I have this hunch that I could travel no more than 50 miles from the most remote spot in the Eastern United States (east of the Mississippi River), in the direction of the nearest road, and find a road.
Definitions:
Most Remote: Spot furthest from a road.
Road: Google Maps definition of a road.
How could I prove or disprove this claim (i.e where is the most remote spot in the Eastern US)?
Answer
A fast and informative way is to create a distance grid based on the roads. This is usually done in a projected coordinate system, which necessarily introduces some error, but by choosing a good coordinate system the error will not be too great (and can be corrected).
The following example defines a "road" as a US Interstate or US or state highway of comparable magnitude. These roads are shown as red polylines. It uses a Lambert Conformal Conic projection. Although its metric distortion can readily be corrected in terms of latitude, that's not really necessary in this example because the distortion is less than 0.6% except in Florida, where it grows to 2.3%: good enough for this illustration.
The distances are color coded from dark cyan (short) through yellow (long) and hillshaded to emphasize the local maxima. A glance shows the greatest distances are attained in central Wisconsin and the North Carolina coast. The GIS tells me the maximum distances attained are 194 km and 180 km, respectively. (The maximum attained in Michigan is 120 km, less even than the maximum in central Mississippi, 137 km.)
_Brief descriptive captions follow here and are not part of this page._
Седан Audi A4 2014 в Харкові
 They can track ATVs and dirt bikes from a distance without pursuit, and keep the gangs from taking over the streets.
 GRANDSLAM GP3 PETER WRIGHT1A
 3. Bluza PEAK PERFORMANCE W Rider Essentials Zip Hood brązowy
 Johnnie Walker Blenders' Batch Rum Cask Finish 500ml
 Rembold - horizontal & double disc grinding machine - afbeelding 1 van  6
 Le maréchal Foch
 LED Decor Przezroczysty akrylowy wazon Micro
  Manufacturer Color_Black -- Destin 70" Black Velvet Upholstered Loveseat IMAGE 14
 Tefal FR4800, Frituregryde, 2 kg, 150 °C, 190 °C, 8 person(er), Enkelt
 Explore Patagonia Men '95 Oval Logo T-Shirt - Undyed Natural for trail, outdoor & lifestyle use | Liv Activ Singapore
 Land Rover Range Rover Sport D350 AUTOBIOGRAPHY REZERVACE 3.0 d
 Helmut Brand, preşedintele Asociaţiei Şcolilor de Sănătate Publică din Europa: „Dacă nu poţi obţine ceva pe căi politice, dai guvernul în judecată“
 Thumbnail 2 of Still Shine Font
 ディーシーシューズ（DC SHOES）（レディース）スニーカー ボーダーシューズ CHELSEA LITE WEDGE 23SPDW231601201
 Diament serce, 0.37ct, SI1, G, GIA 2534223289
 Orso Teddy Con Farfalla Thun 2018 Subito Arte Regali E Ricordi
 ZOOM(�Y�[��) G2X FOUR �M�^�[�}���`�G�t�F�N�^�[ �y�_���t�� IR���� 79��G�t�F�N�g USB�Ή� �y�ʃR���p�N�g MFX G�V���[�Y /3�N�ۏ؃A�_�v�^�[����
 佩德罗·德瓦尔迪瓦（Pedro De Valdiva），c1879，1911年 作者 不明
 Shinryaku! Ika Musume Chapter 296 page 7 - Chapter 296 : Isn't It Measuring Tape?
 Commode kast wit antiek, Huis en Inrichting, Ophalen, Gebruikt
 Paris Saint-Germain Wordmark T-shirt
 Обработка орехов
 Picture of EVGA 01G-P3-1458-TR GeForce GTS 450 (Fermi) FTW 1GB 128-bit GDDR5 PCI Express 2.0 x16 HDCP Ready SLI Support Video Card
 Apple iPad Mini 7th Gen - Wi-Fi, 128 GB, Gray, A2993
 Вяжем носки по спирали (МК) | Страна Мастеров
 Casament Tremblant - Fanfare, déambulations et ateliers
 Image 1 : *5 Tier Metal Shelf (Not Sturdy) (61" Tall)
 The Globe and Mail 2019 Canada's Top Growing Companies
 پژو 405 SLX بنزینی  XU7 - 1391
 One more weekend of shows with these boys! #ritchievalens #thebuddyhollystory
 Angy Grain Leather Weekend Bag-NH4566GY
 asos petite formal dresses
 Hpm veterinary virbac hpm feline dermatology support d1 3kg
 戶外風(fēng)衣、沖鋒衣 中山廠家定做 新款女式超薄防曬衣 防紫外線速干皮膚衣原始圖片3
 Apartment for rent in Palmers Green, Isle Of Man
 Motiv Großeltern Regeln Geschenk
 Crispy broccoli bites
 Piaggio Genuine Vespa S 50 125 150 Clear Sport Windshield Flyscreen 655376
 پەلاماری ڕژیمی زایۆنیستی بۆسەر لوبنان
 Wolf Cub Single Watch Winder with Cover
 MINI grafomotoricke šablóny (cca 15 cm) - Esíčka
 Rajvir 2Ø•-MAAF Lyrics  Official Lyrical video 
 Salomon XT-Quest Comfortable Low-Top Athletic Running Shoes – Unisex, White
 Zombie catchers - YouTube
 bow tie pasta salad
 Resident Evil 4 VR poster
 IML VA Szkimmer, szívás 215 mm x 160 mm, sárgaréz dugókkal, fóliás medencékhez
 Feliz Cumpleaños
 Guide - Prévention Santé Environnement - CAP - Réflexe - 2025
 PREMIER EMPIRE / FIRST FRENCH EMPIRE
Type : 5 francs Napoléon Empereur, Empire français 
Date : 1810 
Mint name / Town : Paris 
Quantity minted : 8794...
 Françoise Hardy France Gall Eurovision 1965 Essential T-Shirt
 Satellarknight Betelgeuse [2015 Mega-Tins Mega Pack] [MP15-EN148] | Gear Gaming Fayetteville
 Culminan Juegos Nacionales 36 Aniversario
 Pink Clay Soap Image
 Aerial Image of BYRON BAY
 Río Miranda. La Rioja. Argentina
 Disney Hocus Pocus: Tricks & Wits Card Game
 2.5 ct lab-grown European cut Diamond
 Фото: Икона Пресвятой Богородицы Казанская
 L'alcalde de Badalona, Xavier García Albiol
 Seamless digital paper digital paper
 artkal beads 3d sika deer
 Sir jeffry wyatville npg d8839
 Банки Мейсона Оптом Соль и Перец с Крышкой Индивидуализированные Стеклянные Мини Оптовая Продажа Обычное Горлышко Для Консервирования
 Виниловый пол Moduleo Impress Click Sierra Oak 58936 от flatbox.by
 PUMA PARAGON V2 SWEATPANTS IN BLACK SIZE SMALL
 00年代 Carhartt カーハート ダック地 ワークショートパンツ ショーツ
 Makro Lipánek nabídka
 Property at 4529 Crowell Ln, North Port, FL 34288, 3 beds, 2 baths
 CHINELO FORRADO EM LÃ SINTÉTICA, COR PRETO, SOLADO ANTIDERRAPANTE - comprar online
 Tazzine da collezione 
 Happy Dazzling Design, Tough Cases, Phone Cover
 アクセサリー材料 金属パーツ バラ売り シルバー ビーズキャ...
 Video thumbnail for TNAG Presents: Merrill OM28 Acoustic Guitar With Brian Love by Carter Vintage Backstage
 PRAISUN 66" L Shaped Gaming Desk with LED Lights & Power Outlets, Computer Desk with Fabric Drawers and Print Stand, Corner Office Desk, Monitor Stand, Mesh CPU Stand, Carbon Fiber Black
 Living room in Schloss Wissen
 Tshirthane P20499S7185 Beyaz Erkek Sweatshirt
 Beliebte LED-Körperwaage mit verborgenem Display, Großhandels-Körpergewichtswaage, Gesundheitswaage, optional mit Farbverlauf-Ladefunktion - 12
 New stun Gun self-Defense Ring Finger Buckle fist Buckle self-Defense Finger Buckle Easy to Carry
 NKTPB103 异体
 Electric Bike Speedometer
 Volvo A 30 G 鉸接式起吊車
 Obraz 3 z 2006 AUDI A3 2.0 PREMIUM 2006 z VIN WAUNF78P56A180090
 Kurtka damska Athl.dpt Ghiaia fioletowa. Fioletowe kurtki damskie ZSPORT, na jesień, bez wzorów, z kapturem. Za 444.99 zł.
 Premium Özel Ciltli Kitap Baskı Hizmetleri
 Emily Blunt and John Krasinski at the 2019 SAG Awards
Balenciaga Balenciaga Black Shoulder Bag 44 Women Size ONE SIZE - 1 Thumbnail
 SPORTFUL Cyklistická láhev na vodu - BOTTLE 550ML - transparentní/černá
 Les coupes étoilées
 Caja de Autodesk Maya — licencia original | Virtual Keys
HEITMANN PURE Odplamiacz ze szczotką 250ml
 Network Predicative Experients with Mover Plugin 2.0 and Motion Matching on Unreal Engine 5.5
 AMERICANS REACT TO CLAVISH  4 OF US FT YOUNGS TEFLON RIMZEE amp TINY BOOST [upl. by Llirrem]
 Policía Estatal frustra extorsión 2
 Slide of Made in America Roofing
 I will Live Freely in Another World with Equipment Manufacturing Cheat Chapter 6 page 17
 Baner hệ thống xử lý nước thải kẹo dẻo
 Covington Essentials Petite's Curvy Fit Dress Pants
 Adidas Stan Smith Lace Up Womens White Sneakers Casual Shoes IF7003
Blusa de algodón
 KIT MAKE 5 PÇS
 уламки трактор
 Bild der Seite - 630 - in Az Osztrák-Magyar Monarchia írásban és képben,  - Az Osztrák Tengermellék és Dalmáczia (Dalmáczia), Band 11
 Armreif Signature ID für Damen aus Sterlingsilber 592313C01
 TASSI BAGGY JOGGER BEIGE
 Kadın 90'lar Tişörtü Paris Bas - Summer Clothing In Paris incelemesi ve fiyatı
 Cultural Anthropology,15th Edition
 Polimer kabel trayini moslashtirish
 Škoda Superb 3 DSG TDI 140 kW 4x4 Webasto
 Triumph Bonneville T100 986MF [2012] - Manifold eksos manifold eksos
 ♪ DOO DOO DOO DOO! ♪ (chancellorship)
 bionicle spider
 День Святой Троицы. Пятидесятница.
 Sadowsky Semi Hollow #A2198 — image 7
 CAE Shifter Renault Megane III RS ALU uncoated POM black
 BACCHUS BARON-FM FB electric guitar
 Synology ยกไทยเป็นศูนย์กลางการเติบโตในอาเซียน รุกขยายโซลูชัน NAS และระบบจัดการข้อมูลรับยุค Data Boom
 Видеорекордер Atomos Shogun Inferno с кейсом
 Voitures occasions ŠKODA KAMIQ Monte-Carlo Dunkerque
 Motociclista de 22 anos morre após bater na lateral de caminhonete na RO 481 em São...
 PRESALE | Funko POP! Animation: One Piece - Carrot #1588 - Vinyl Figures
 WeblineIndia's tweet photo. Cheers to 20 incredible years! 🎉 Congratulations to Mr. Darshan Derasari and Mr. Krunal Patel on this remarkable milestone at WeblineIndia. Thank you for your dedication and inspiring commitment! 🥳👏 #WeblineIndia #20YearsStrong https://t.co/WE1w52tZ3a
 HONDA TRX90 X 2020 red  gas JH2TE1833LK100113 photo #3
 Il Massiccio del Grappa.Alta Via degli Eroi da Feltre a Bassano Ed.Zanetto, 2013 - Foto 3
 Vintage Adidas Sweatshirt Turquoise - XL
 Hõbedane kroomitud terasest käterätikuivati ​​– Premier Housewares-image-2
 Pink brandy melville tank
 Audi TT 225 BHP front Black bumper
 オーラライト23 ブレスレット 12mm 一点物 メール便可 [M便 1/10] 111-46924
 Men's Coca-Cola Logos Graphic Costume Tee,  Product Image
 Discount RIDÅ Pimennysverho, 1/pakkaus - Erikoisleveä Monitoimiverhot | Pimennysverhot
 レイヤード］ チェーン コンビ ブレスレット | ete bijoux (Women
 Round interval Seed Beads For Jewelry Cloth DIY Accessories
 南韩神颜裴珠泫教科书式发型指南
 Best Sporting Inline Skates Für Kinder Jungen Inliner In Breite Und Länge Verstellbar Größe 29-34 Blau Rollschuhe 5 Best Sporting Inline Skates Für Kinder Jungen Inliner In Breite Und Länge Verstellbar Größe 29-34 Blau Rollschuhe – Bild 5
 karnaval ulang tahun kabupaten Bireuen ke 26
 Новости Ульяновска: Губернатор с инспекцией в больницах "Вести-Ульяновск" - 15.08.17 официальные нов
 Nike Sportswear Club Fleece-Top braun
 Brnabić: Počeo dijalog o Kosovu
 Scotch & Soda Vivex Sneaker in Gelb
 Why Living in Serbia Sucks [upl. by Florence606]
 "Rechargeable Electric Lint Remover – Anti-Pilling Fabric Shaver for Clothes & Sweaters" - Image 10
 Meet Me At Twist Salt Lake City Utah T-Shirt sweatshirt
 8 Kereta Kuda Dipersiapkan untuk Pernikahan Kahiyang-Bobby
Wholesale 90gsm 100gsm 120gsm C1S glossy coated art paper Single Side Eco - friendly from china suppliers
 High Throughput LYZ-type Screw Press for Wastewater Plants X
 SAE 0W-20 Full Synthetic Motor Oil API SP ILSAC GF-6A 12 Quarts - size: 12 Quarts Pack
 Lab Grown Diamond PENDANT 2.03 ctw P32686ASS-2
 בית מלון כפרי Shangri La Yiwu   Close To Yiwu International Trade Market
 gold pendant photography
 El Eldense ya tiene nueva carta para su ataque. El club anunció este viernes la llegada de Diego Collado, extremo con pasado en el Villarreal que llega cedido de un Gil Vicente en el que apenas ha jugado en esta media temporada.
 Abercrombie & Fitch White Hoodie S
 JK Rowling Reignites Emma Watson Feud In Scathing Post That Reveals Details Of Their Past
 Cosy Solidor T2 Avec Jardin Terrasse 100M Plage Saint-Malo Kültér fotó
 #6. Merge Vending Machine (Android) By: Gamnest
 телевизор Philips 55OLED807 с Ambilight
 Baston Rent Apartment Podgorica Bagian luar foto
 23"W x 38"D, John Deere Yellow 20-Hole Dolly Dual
Using any raster GIS (such as ArcGIS, GRASS, Manifold, etc.) one can perform a similar computation using any roads layer desired (such as Census TIGER streets features). Straightforward post-processing will find all local maxima of the distance grid (seen as peaks on this map), thereby identifying all points that locally are as far from a road as you can get. Very simple post-processing will identify all points exceeding a distance threshold such as 50 miles (about 80 km).
A variant uses a "costdistance" calculation, instead of Euclidean distance (as a proxy for spherical distance), to determine points that are (say) a maximum travel time from the nearest road. This is not an onerous task: typical computation times are a few seconds (at most) at the 1 km resolution used here.